▸ **PROVIDED MATERIAL**:
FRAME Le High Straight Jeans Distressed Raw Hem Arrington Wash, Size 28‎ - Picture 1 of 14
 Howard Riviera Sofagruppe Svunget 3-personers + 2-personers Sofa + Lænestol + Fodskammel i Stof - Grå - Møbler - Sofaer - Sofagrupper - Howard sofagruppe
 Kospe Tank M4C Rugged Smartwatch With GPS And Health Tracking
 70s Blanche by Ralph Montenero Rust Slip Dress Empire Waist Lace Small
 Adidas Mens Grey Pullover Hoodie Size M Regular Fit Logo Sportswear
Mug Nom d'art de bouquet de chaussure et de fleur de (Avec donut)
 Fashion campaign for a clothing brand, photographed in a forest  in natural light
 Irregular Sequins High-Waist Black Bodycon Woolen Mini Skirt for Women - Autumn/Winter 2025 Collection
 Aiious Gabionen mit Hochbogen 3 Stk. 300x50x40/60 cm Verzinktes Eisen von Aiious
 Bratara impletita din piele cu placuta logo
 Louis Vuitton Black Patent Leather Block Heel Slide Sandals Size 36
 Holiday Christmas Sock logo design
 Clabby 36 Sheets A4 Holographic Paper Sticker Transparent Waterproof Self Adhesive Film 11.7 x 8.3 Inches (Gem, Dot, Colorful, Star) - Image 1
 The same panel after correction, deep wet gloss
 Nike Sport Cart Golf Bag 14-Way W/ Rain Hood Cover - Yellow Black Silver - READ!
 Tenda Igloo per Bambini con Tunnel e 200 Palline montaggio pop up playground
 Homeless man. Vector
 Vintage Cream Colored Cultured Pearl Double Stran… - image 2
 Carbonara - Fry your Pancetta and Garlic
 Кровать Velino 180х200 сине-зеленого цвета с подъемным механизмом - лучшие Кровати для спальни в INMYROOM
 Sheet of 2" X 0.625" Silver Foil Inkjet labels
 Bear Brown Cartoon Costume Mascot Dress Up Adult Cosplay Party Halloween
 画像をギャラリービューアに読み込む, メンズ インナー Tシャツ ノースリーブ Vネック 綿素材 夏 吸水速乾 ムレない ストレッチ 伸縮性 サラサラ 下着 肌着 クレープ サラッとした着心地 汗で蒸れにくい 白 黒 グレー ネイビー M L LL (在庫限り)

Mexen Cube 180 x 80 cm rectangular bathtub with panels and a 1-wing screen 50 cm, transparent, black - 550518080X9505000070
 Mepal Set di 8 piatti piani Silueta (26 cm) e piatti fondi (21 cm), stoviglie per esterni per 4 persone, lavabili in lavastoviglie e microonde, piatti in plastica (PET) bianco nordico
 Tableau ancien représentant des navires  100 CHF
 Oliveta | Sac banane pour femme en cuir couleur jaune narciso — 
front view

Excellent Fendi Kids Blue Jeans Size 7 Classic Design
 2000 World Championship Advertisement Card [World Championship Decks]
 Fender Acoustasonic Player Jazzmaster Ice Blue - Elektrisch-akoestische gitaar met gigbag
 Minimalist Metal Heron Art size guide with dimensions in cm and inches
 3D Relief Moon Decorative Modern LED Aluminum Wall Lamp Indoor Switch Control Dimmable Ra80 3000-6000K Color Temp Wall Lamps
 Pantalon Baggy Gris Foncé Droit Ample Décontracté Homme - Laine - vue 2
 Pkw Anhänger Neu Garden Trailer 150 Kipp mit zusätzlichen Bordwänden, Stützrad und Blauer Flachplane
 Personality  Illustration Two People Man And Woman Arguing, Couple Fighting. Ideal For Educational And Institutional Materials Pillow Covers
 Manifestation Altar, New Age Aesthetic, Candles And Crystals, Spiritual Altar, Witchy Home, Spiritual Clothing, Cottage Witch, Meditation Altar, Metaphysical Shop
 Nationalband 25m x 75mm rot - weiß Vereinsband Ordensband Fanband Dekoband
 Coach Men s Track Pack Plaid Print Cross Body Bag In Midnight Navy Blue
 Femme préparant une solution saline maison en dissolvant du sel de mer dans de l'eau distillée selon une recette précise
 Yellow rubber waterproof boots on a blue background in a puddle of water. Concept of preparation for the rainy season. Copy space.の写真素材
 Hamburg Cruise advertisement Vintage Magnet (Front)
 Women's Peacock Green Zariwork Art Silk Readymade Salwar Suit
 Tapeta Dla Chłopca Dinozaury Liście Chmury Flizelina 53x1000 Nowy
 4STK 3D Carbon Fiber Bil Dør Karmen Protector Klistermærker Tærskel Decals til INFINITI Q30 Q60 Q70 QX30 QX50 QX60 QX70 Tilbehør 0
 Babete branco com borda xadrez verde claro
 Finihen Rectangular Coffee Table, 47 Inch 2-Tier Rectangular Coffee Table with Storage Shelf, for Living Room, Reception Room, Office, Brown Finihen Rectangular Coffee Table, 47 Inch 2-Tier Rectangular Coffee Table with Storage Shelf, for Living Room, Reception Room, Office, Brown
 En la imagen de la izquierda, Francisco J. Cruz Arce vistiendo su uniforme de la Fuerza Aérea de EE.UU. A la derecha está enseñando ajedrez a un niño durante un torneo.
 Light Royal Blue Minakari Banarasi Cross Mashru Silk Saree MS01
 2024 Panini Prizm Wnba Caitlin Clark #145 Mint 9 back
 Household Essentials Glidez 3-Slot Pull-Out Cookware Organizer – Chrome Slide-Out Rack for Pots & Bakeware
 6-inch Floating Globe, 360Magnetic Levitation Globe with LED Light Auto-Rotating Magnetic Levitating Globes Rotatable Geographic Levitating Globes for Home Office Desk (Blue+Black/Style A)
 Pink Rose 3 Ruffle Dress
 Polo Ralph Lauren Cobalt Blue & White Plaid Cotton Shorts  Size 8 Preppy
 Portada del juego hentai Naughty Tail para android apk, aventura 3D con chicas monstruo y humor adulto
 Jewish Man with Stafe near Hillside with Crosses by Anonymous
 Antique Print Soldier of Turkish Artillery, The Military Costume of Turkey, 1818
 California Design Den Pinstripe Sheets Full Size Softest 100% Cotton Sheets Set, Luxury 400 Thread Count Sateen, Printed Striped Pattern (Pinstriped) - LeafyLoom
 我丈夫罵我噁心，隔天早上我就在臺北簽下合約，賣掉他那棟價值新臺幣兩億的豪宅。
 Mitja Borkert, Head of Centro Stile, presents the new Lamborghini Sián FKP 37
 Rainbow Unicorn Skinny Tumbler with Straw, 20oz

▸ **WHAT YOU ARE ASKED TO DO**: Everything in the material should be repeated exactly as written.

▸ **ANSWER SECTION**:
FRAME Le High Straight Jeans Distressed Raw Hem Arrington Wash, Size 28‎ - Picture 1 of 14
 Howard Riviera Sofagruppe Svunget 3-personers + 2-personers Sofa + Lænestol + Fodskammel i Stof - Grå - Møbler - Sofaer - Sofagrupper - Howard sofagruppe
 Kospe Tank M4C Rugged Smartwatch With GPS And Health Tracking
 70s Blanche by Ralph Montenero Rust Slip Dress Empire Waist Lace Small
 Adidas Mens Grey Pullover Hoodie Size M Regular Fit Logo Sportswear
Mug Nom d'art de bouquet de chaussure et de fleur de (Avec donut)
 Fashion campaign for a clothing brand, photographed in a forest  in natural light
 Irregular Sequins High-Waist Black Bodycon Woolen Mini Skirt for Women - Autumn/Winter 2025 Collection
 Aiious Gabionen mit Hochbogen 3 Stk. 300x50x40/60 cm Verzinktes Eisen von Aiious
 Bratara impletita din piele cu placuta logo
 Louis Vuitton Black Patent Leather Block Heel Slide Sandals Size 36
 Holiday Christmas Sock logo design
 Clabby 36 Sheets A4 Holographic Paper Sticker Transparent Waterproof Self Adhesive Film 11.7 x 8.3 Inches (Gem, Dot, Colorful, Star) - Image 1
 The same panel after correction, deep wet gloss
 Nike Sport Cart Golf Bag 14-Way W/ Rain Hood Cover - Yellow Black Silver - READ!
 Tenda Igloo per Bambini con Tunnel e 200 Palline montaggio pop up playground
 Homeless man. Vector
 Vintage Cream Colored Cultured Pearl Double Stran… - image 2
 Carbonara - Fry your Pancetta and Garlic
 Кровать Velino 180х200 сине-зеленого цвета с подъемным механизмом - лучшие Кровати для спальни в INMYROOM
 Sheet of 2" X 0.625" Silver Foil Inkjet labels
 Bear Brown Cartoon Costume Mascot Dress Up Adult Cosplay Party Halloween
 画像をギャラリービューアに読み込む, メンズ インナー Tシャツ ノースリーブ Vネック 綿素材 夏 吸水速乾 ムレない ストレッチ 伸縮性 サラサラ 下着 肌着 クレープ サラッとした着心地 汗で蒸れにくい 白 黒 グレー ネイビー M L LL (在庫限り)

Mexen Cube 180 x 80 cm rectangular bathtub with panels and a 1-wing screen 50 cm, transparent, black - 550518080X9505000070
 Mepal Set di 8 piatti piani Silueta (26 cm) e piatti fondi (21 cm), stoviglie per esterni per 4 persone, lavabili in lavastoviglie e microonde, piatti in plastica (PET) bianco nordico
 Tableau ancien représentant des navires  100 CHF
 Oliveta | Sac banane pour femme en cuir couleur jaune narciso — 
front view

Excellent Fendi Kids Blue Jeans Size 7 Classic Design
 2000 World Championship Advertisement Card [World Championship Decks]
 Fender Acoustasonic Player Jazzmaster Ice Blue - Elektrisch-akoestische gitaar met gigbag
 Minimalist Metal Heron Art size guide with dimensions in cm and inches
 3D Relief Moon Decorative Modern LED Aluminum Wall Lamp Indoor Switch Control Dimmable Ra80 3000-6000K Color Temp Wall Lamps
 Pantalon Baggy Gris Foncé Droit Ample Décontracté Homme - Laine - vue 2
 Pkw Anhänger Neu Garden Trailer 150 Kipp mit zusätzlichen Bordwänden, Stützrad und Blauer Flachplane
 Personality  Illustration Two People Man And Woman Arguing, Couple Fighting. Ideal For Educational And Institutional Materials Pillow Covers
 Manifestation Altar, New Age Aesthetic, Candles And Crystals, Spiritual Altar, Witchy Home, Spiritual Clothing, Cottage Witch, Meditation Altar, Metaphysical Shop
 Nationalband 25m x 75mm rot - weiß Vereinsband Ordensband Fanband Dekoband
 Coach Men s Track Pack Plaid Print Cross Body Bag In Midnight Navy Blue
 Femme préparant une solution saline maison en dissolvant du sel de mer dans de l'eau distillée selon une recette précise
 Yellow rubber waterproof boots on a blue background in a puddle of water. Concept of preparation for the rainy season. Copy space.の写真素材
 Hamburg Cruise advertisement Vintage Magnet (Front)
 Women's Peacock Green Zariwork Art Silk Readymade Salwar Suit
 Tapeta Dla Chłopca Dinozaury Liście Chmury Flizelina 53x1000 Nowy
 4STK 3D Carbon Fiber Bil Dør Karmen Protector Klistermærker Tærskel Decals til INFINITI Q30 Q60 Q70 QX30 QX50 QX60 QX70 Tilbehør 0
 Babete branco com borda xadrez verde claro
 Finihen Rectangular Coffee Table, 47 Inch 2-Tier Rectangular Coffee Table with Storage Shelf, for Living Room, Reception Room, Office, Brown Finihen Rectangular Coffee Table, 47 Inch 2-Tier Rectangular Coffee Table with Storage Shelf, for Living Room, Reception Room, Office, Brown
 En la imagen de la izquierda, Francisco J. Cruz Arce vistiendo su uniforme de la Fuerza Aérea de EE.UU. A la derecha está enseñando ajedrez a un niño durante un torneo.
 Light Royal Blue Minakari Banarasi Cross Mashru Silk Saree MS01
 2024 Panini Prizm Wnba Caitlin Clark #145 Mint 9 back
 Household Essentials Glidez 3-Slot Pull-Out Cookware Organizer – Chrome Slide-Out Rack for Pots & Bakeware
 6-inch Floating Globe, 360Magnetic Levitation Globe with LED Light Auto-Rotating Magnetic Levitating Globes Rotatable Geographic Levitating Globes for Home Office Desk (Blue+Black/Style A)
 Pink Rose 3 Ruffle Dress
 Polo Ralph Lauren Cobalt Blue & White Plaid Cotton Shorts  Size 8 Preppy
 Portada del juego hentai Naughty Tail para android apk, aventura 3D con chicas monstruo y humor adulto
 Jewish Man with Stafe near Hillside with Crosses by Anonymous
 Antique Print Soldier of Turkish Artillery, The Military Costume of Turkey, 1818
 California Design Den Pinstripe Sheets Full Size Softest 100% Cotton Sheets Set, Luxury 400 Thread Count Sateen, Printed Striped Pattern (Pinstriped) - LeafyLoom
 我丈夫罵我噁心，隔天早上我就在臺北簽下合約，賣掉他那棟價值新臺幣兩億的豪宅。
 Mitja Borkert, Head of Centro Stile, presents the new Lamborghini Sián FKP 37
 Rainbow Unicorn Skinny Tumbler with Straw, 20oz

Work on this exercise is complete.